Contents

  1. Packages
  2. Running an R Script
  3. Parallelization

Packages

Located in /home/data/NDClab/tools/containers is the lab’s current default singularity image for R; it contains all environment variables and packages required to run an R script.

You can access the recipe file named R.recipe. Log in, then download this file and open it in a text editor on your local machine.

Near the bottom is a line instructing R to install a number of packages:

R --no-echo -e 'install.packages(c("Rcpp", "DEoptim", "ggplot2", "data.table", "dplyr", "tidyr", "knitr", "readxl"))'

If your script requires a package that is not listed here, a new container will need to be created.

Running an R Script

To run a script in the R programming language using the login node, log in to the Panther Shell Access. Use cd to navigate to the folder that contains your script. From that location, run the following command:

bash /home/data/NDClab/tools/lab-devOps/scripts/R/rrun.sh <your-script-name>.R [# nodes] [hours of walltime requested]

By default the script will call for 1 hour of walltime (time required to execute the script) and 1 node. If walltime needed or nodes desired exceeds these defaults, then the arguments [# nodes] [hours of walltime requested] should be included (i.e. <your-script-name>.R 1 24 calls for 1 node and 24hrs walltime).

This will generate and run a Slurm script named after your script: your-script-name.sub. If you want to re-run the script, you can re-run the .sub file as you would any Slurm script.

Parallelization

Data parallelization, at the current iteration of the HPC, is unsupported in R. Namely, the mpi library is not installed to this HPC. So, if we would like to run data in parallel, we would need to engineer our own solution.

As each dataset has its own parameters and contexts, a general script is not available for use.

However, a template script is available in /hpc/data/NDClab/tools/lab-devOps/R/data-par/parallel-nodes.sh

This script works by taking in 2 parameters: nodes and data.
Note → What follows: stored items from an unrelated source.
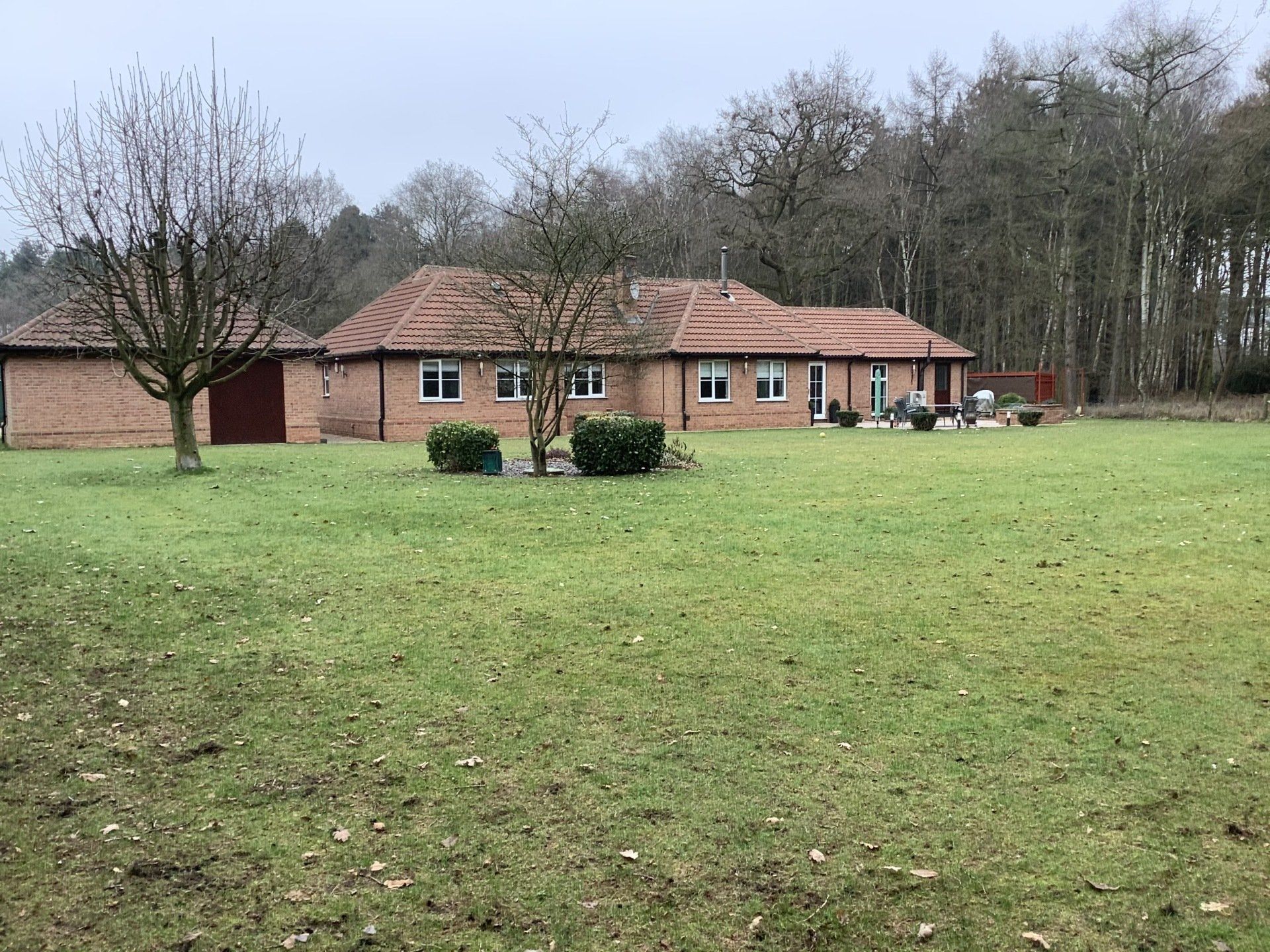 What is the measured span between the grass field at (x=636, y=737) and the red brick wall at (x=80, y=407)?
16848 mm

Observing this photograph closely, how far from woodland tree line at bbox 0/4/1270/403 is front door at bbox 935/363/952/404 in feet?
14.9

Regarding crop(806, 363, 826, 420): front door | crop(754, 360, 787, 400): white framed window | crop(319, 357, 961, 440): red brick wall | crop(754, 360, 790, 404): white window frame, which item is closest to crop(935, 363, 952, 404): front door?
crop(319, 357, 961, 440): red brick wall

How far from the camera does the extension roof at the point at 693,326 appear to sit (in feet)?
95.8

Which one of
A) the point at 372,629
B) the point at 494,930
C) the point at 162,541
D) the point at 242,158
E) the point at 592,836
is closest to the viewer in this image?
the point at 494,930

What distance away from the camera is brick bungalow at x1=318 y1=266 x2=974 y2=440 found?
29.2 m

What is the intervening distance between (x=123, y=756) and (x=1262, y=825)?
4696 mm

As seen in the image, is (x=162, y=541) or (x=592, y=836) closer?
(x=592, y=836)

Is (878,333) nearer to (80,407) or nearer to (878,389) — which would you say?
(878,389)

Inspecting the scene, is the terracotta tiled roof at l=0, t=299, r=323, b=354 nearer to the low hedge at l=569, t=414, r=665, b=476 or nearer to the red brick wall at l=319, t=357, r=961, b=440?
the red brick wall at l=319, t=357, r=961, b=440

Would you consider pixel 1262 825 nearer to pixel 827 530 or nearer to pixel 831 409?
pixel 827 530

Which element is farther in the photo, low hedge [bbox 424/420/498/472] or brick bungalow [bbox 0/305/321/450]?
brick bungalow [bbox 0/305/321/450]

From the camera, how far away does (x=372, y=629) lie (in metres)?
6.60

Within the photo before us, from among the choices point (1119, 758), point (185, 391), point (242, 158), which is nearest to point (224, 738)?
point (1119, 758)

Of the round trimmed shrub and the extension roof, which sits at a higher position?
the extension roof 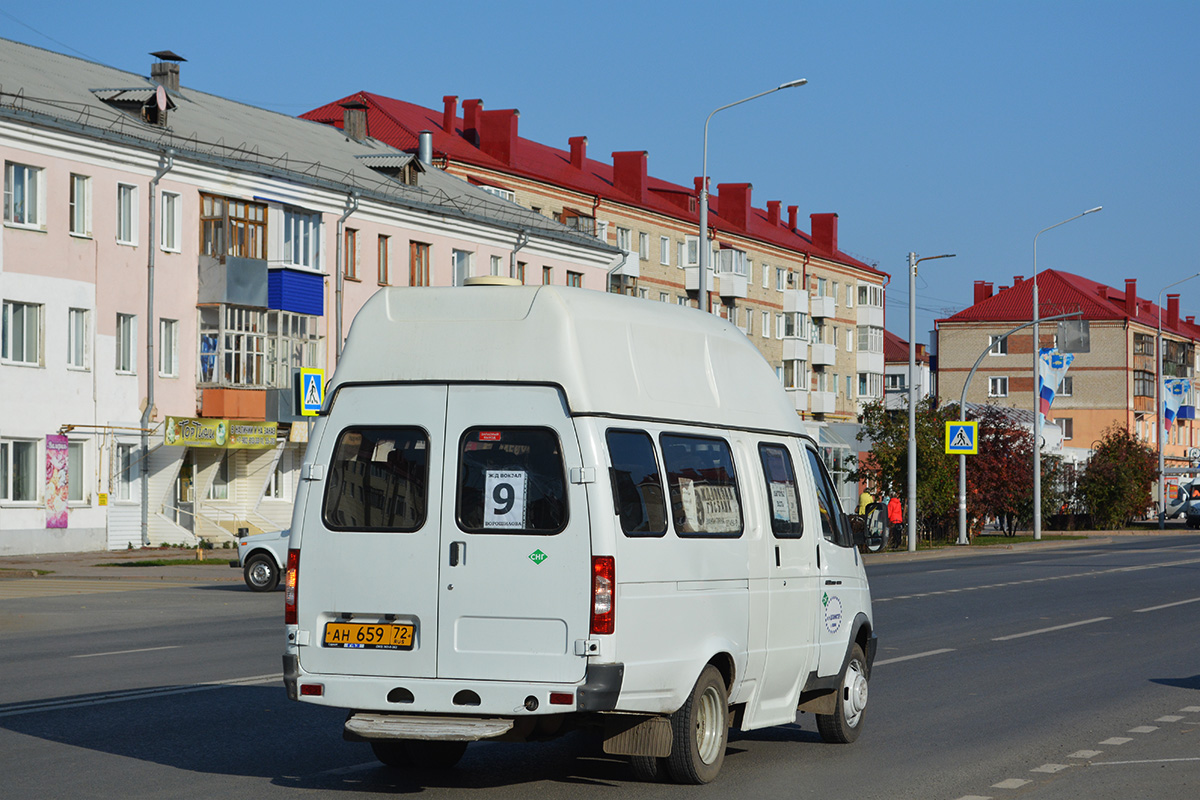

These parameters describe how many nodes we would like to utilize for parallel development and which data file we would like to parallelize. For example, this script:

sh /hpc/data/NDClab/tools/lab-devOps/R/data-par/parallel_nodes.sh 8 filename.csv

would split filename.csv into 8 seperate files that would be run in parallel.

Specifically, it executes the do_node.sh script on 8 equal sections of our data. To control which script is being run on each portion of data, we will need to modify the line bellow, located in do_node.sh:

Rscript <SCRIPTHERE> $data